Diante desta contradição entre a tentativa de Chávez de mobilizar a sociedade e o Estado vertical e militarizado, podemos dizer que o modelo chavista fracassou?

Eu não apontaria um fracasso, mas citaria as contradições, as tensões entre processos organizacionais populares e trabalhistas, que conservam uma dinâmica efetivamente democrática e participativa. Como consequência da crise,  elas tendem a se perder. De toda a maneira, a dependência da distribuição da renda petroleira fez com que essa dinâmica representativa tenha avançado bastante no campo político, mas muito pouco no terreno econômico.

Durante os governos de Chávez, houve uma lógica militar marcada pelas milícias bolivarianas, calcadas no enfrentamento do imperialismo. Essa ideologia se enfraqueceu com Maduro?

Eu creio que é preciso olhar com cuidado essa ideia das milícias. Como tantas coisas na Venezuela nos últimos anos, as milícias têm sido mais um discurso político do que uma realidade. Não houve, efetivamente, uma organização ampla e massiva de milícias populares. Isso está mais no imaginário de alguns discursos do governo, mas, sobretudo, uma visão panorâmica da direita. Eu me preocupo muito mais com a presença da instituição militar formal, de militares e de generais em cargos públicos. Isso causa, no seio da democracia, uma tensão e uma contradição muito fortes. A cultura militar é hierárquica, vertical e de obediência. À medida que tem havido uma presença militar nas gestões do Estado, isso tem sido um dos fatores que causou a limitação do exercício da democracia representativa.

Há semelhanças da cena política e da polarização entre a Venezuela e o Brasil?

Eu creio que elas são bastante diferentes. O Brasil é um país mais complexo, não apenas com uma economia mais forte e heterogênea. Acho que há algumas coisas que podemos entender como temas comuns. Uma delas é o debate sobre o fim do ciclo do mundo das commodities. Isso tem a ver com o fato de que nenhum país latino-americano denominado progressista utilizou os imensos recursos provenientes da exportação de bens primários a preços altíssimos para começar a transição para outro modelo produtivo. Em cada um dos países, as rendas provenientes da venda de commodities foram reinvestidas em uma importante proporção, em acentuar este modelo. Inclusive o país mais industrializado da América do Sul, que tem sido historicamente o Brasil, tem sofrido processos de desindustrialização relativa, porque o setor agropecuário exportador tem crescido em relação aos outros setores. O Estado tem mostrado uma crescente capacidade para levar a cabo políticas públicas e sociais voltadas à família, para reduzir a pobreza etc., mas não se produziu alterações na estrutura do processo produtivo. Não se acentuado o processo de integração continental, como poderia seria possível. Acentuou-se a exportação de commodities.

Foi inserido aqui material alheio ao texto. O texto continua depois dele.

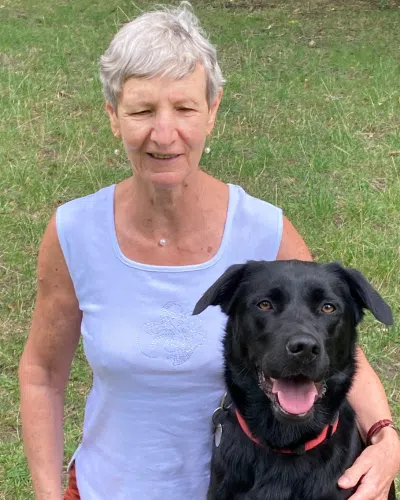 Martine Ancquetil est assise avec Rusty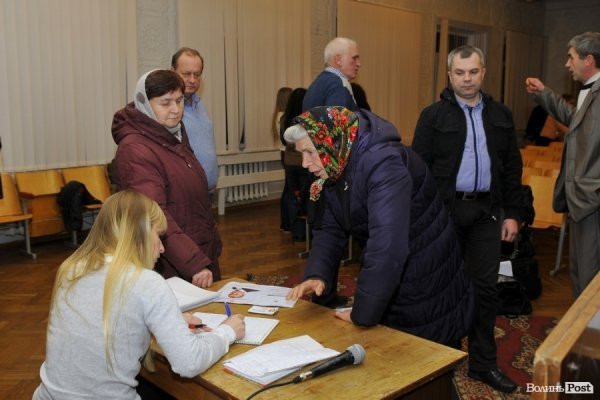 Нові дороги та чисті парки: Петро Нестерук відзвітував за рік роботи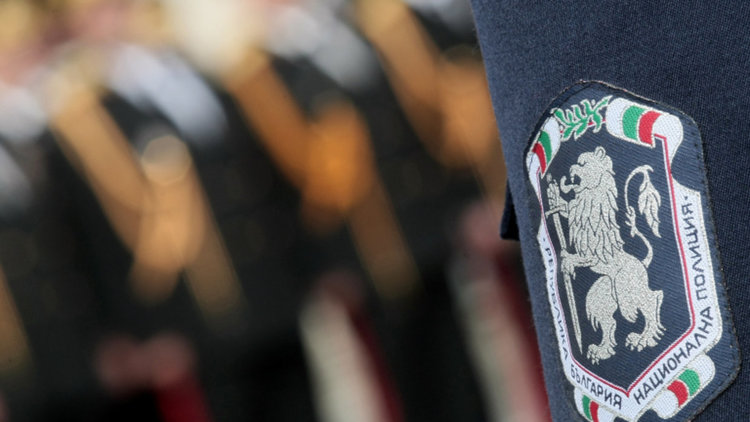 Задържаха трима „софиянци” за кражба на акумулатори 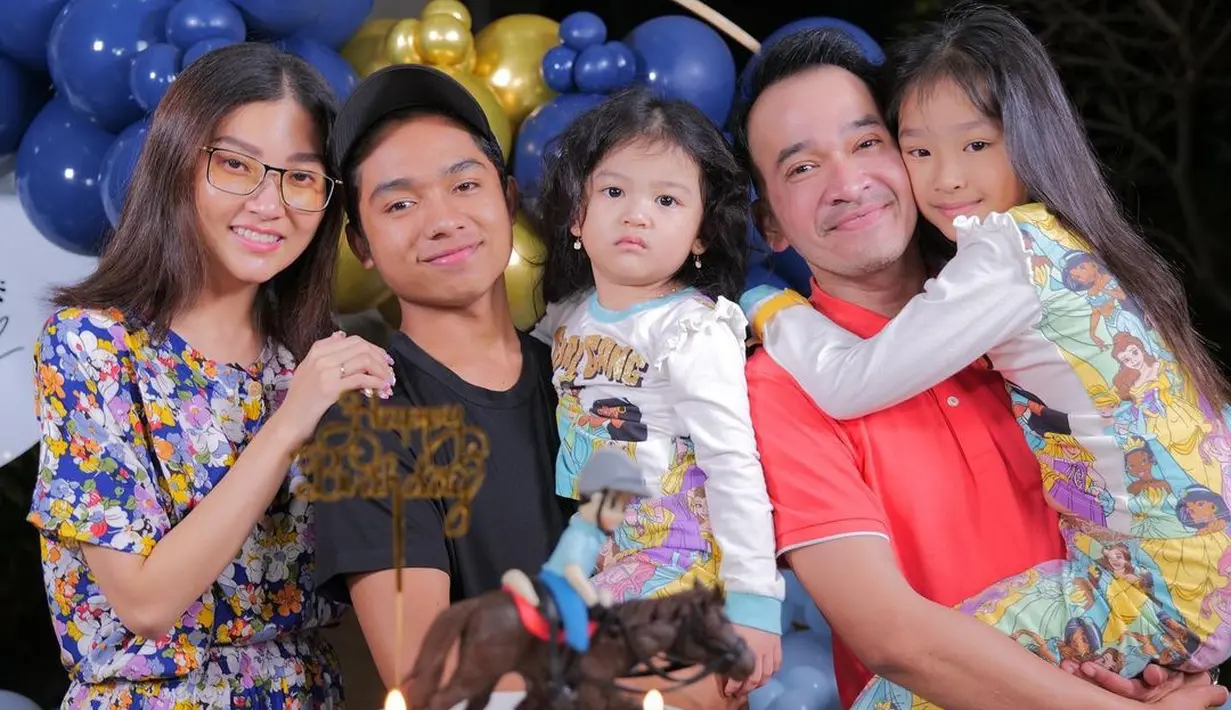 Potret bahagia Betrand merayakan ulang tahun bersama keluarganya. Pada bulan Maret ini, penyanyi ini genap berusia 18 tahun. [Instagram/betrandpetoputraonsu]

Existem simpatias ideológicas entre os governos do Brasil e da Venezuela, mas houve crise diplomática entre as duas nações, no que se refere ao acompanhamento das eleições. Como o senhor vê isso?

Não creio que esse assunto seja transcendente. O que afeta as relações e a solidariedade entre governos progressistas é a debilidade desses governos. Em anos anteriores, esses governos contavam com maiores recursos econômicos e os níveis de legitimidade política eram maiores. A possibilidade de se desenvolver políticas internacionais e latino-americanas de maior convergência, como a criação da Unasul [União de Nações Sul-Americanas] e da Celac [Comunidade de Estados Latino-Americanos e Caribenhos] – iniciativas políticas autônomas em relação ao poder central –, era maior.